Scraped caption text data
_ _ _ _ _

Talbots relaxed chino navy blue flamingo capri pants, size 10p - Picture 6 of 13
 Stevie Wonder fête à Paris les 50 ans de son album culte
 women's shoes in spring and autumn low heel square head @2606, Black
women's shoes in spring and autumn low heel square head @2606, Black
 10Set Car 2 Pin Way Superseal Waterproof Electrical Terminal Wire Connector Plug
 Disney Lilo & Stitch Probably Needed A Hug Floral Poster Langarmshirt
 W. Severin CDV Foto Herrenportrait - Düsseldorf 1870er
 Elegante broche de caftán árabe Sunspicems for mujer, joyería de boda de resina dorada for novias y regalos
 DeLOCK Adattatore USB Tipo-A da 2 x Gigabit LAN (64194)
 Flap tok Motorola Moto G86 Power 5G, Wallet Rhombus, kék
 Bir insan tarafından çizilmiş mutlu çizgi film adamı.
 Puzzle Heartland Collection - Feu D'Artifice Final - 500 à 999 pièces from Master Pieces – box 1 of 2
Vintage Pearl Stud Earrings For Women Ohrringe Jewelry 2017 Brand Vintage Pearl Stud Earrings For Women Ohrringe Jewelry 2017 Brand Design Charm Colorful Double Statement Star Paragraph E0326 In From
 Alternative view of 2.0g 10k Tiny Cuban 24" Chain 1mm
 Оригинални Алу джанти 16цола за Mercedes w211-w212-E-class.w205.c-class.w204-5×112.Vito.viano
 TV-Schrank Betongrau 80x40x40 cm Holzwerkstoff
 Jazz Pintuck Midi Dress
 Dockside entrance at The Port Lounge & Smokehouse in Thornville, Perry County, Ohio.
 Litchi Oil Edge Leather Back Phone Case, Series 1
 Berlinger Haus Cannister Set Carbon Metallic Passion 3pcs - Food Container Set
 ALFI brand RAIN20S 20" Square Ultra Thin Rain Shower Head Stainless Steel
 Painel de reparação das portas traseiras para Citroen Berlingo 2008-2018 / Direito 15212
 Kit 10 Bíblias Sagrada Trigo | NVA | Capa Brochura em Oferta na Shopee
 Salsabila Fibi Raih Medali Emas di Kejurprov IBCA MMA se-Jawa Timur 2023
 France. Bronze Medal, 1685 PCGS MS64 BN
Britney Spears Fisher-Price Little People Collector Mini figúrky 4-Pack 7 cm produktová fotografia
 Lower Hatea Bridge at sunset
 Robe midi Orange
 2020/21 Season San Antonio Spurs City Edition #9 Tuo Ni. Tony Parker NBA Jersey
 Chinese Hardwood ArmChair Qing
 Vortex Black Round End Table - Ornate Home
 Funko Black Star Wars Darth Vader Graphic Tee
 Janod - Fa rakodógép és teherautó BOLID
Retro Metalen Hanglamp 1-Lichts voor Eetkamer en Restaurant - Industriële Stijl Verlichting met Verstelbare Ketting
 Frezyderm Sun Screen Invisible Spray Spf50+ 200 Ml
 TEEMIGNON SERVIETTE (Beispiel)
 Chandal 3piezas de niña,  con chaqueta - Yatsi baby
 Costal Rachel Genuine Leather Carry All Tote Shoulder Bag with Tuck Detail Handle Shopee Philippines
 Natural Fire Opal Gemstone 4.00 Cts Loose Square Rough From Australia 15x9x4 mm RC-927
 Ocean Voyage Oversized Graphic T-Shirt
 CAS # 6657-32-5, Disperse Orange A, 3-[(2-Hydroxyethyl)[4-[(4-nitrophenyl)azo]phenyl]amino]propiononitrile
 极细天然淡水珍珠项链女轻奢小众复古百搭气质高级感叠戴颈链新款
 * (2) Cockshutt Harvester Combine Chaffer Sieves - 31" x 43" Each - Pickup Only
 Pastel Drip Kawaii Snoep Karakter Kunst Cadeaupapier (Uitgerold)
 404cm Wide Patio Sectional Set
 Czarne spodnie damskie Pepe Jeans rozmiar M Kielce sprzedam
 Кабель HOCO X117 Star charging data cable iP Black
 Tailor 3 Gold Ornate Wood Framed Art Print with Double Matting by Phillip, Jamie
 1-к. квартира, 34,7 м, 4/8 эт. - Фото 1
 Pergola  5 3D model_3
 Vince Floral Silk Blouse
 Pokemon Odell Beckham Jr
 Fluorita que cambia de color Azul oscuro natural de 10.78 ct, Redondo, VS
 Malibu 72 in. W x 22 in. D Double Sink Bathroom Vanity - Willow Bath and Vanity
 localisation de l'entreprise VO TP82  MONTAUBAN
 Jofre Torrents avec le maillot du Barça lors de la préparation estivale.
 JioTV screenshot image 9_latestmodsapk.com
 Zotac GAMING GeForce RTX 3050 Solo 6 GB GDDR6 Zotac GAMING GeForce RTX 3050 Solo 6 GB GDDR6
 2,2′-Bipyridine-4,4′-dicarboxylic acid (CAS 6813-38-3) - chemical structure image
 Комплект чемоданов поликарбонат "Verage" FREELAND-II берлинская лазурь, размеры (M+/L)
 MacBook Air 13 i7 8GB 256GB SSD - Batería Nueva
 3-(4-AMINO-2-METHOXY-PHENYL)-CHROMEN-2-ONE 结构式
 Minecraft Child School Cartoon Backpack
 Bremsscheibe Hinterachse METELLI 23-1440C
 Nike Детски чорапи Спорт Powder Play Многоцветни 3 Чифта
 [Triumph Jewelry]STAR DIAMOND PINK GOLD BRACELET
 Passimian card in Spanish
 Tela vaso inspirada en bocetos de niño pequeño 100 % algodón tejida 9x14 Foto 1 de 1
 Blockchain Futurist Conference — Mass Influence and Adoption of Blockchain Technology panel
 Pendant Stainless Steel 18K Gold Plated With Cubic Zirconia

_ _ _ _ _

REQUIRED ACTION
Note down each line above where the word "Ornate" occurs.

SOLUTION BELOW
 Vortex Black Round End Table - Ornate Home
 Tailor 3 Gold Ornate Wood Framed Art Print with Double Matting by Phillip, Jamie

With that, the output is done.